The email provider also dedupes on the same key as a defense in depth, and the queue layer has its own short-window dedupe. Three layers, any one of which is sufficient.

Releasing Shopify holds

Each fulfillment-hold release is single-claimed before the Shopify API call. If another worker already claimed it, we skip; if the Shopify call fails after the claim, the claim is cleared so the next webhook tick can retry.

Refund webhooks

Refund deliveries are deduped on the webhook id, so Shopify's intermittent re-delivery of the same refund event can't be counted twice. For partial refunds (multiple genuinely distinct refund events on the same order), each one increments the running total on the split.
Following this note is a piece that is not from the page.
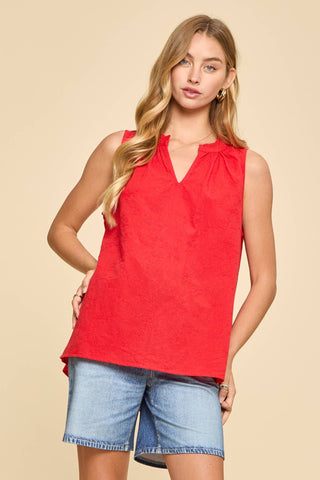 Gracefully Gathered Ruffle Blouse Red - Sugar Co.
Running total, not double-counting.

What happens if it goes wrong anyway

If you ever see evidence of doubled state (two Brightpearl Sales Orders with identical content, two emails to the same customer for the same split, doubled financial figures) that's a bug. Email hello@nohold.app with the order number; we'll trace and fix.

In practice we monitor for these signals (duplicate BP SO references, notification_log rows clustered on the same split_order_id with the same notification_type) and the rate is zero across all merchants. The architecture is correct; the implementation is tested.

Where this matters most

For deposit pre-orders. If a merchant has 1,000 customers with $500 deposits and the system double-fires an ok to fulfill signal, the merchant is on the hook for $500K of inventory commitment. The Release only when stock arrives AND Shopify reports paid rule is built on the same idempotency model: the gate is checked once, the release fires once, and Shopify's payment state has to genuinely be paid (not just appear to be) before the release is allowed.

This is why nohold's payments boundary is we never touch payments. The financial state we read is Shopify's, audited by Shopify. We act on it; we never set it.